Sam, clothes damp from the wet outside, crept up behind her and wrapped his arms around her waist.

"Looking at our picture, then?"

"It's silly." Rosie cocked her head to one side, then shook it. "She's supposed to look like the most beautiful thing there ever was, and she just looks like me trying not to laugh at you in your stupid hat."

"Then she's the most beautiful thing, no mistake." Sam blew on the curve of her neck, making her squirm at the tickle.

"Look at the newlyweds." Tom said, leaning in the doorway with Marigold beside him. Rosie silently cursed the fact she'd let it slip that they'd all be home today.

"We're not newly wed, it's more'n a year past now." Sam pointed out.

"If you're still playing games in the kitchen and saying sweet nothings for no reason, you're newlyweds." Marigold smiled to take the sting off the comment and moved over to help with the cooking.

"Where've Frodo and Ellyelle got to?" Rosie asked Sam, who shrugged.

"We're here, Rose. She needed changing." Frodo came in, nodding hello to their guests and sitting down at the end of the table with Elanor still in his arms. Sam went over and took her off him, leaving Frodo to his writing.

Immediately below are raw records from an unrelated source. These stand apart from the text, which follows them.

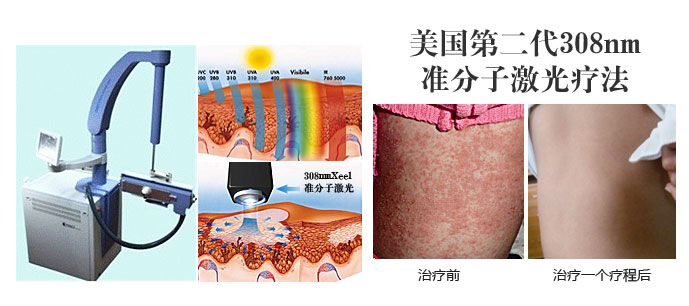 康复治疗激光怎么收费3D净血细胞祛癣疗法八大康复项目_https://www.jmylbn.com_新闻资讯_第2张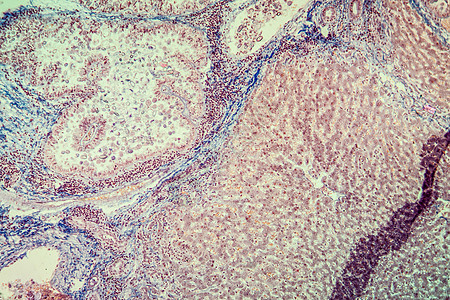 100x 显微镜下肝脏组织囊肿细胞宏观药品兔子孢子虫放大镜动物寄生虫球虫病球虫图片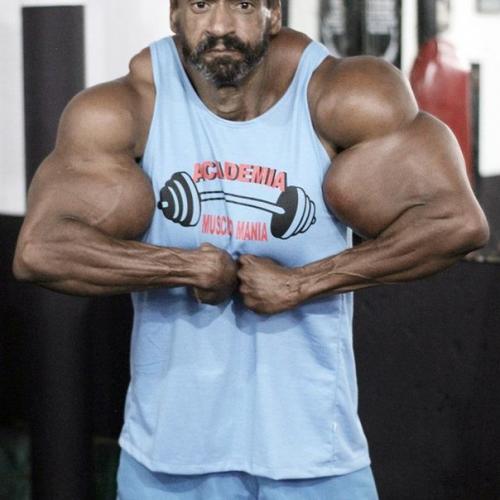 Бодибилдер сделал инъекции масла в свои мускулы - и взгляните, что из этого вышло. 02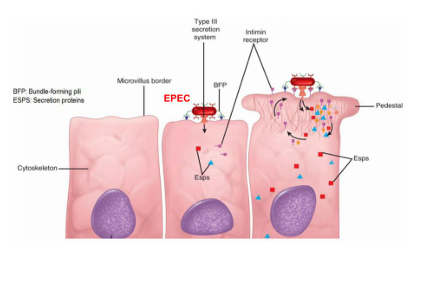 <p>Liberan o envían efectores moleculares como toxinas que se liberan</p><p>Son como jeringas</p><ul><li><p>La bacteria tiene los efectores en la superficie </p></li><li><p>inyecta a otras células estos efectores</p><ul><li><p>Ejemplo: algunas E.coli son enteropatógenas y suelen tener estas jeringas que inyectan estos efectores en los enterocitos y produce la patología (diarrea)</p></li></ul></li></ul><p></p>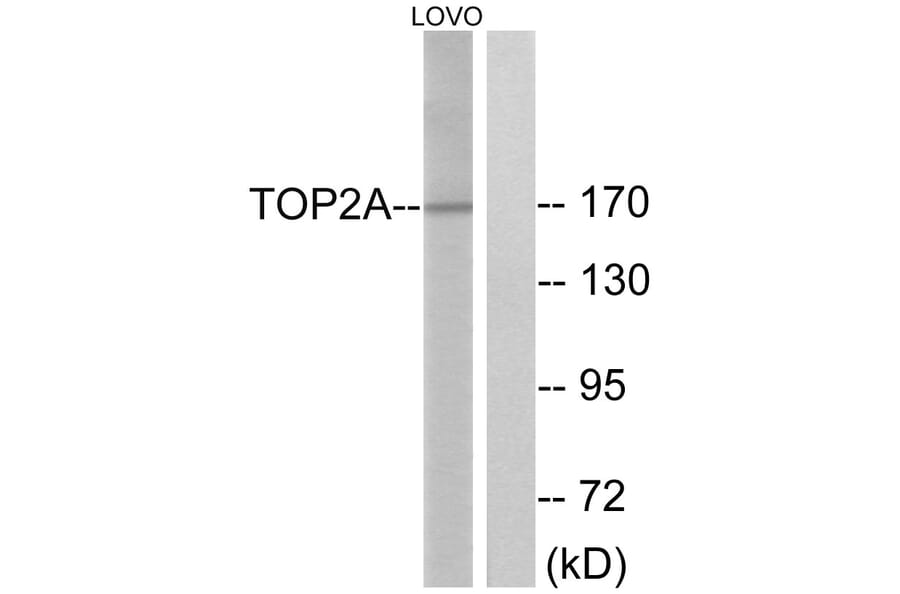Western Blot - Anti-TOP2A Antibody (B1130) - Antibodies.com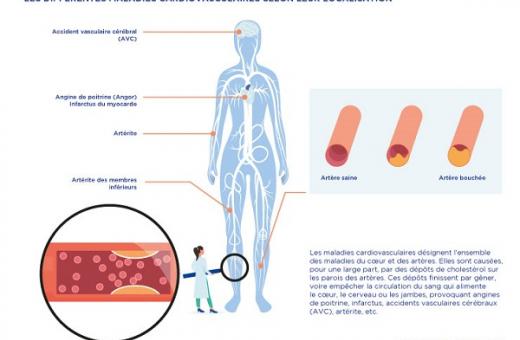 maladies cardiovasculaires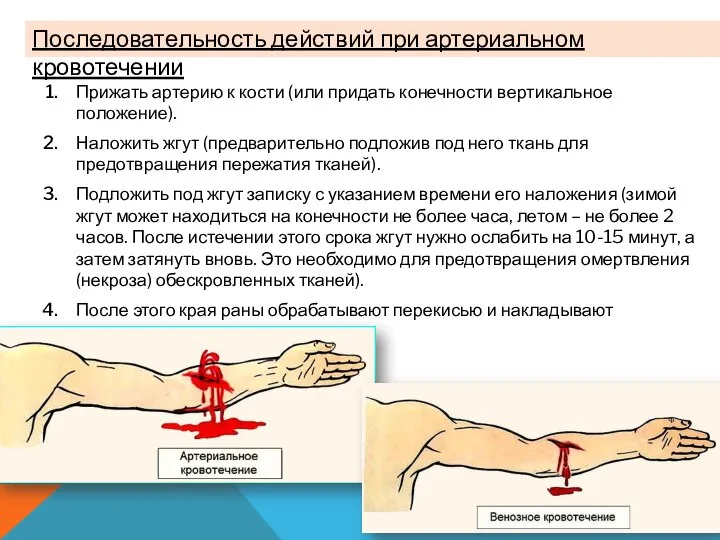 Прижать артерию к кости (или придать конечности вертикальное положение). Наложить жгут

"What do you think, Mr Frodo? Are these two a pair of giggling tween newlyweds?" Tom asked, ignoring the writing Frodo was attempting to get done, plunking down into the nearest chair. Sighing, Frodo shut his book.

"I think they're in love, yes." he nodded, smiling softly over at where Sam had an arm around Rosie's shoulders, Elanor cradled between them.

Marigold snorted. "A house full of dreamers. Love don't put clothes on baby's backs or food on the table. You three don't have a cup of sense to share between you."

"Don't take that tone with me, Marigold." Sam shook his head with a grin. "I remember how you and Tom here used to look at each other down by the Dragon at night. You know what love is well as I do."

"It passes, Sam, it passes." Marigold sighed, adding carrots to the boiling water.

"Not if I have any say in it, it won't." Rosie said.

"What makes you think you do?" Tom shot back.

"So much bitterness ain't the right mood for dinnertime, so you can just shut your mouth and leave Mr Frodo to his papers." Rosie informed her brother, handing him Elanor. "Play with your niece now and stop being such a wet blanket."

"That goes for you, too, Marigold." Sam agreed. "I've seen enough misery and the like to last me forever, so I think it's only fair that I get all the happiness I could ask for in return."

"'Fair' isn't what life's -"

"It is in this house." Frodo cut Marigold off. "And they're the fairest pair of lovers the world has seen, so that's the end of that argument.'

Tom and Marigold rolled their eyes, but said no more.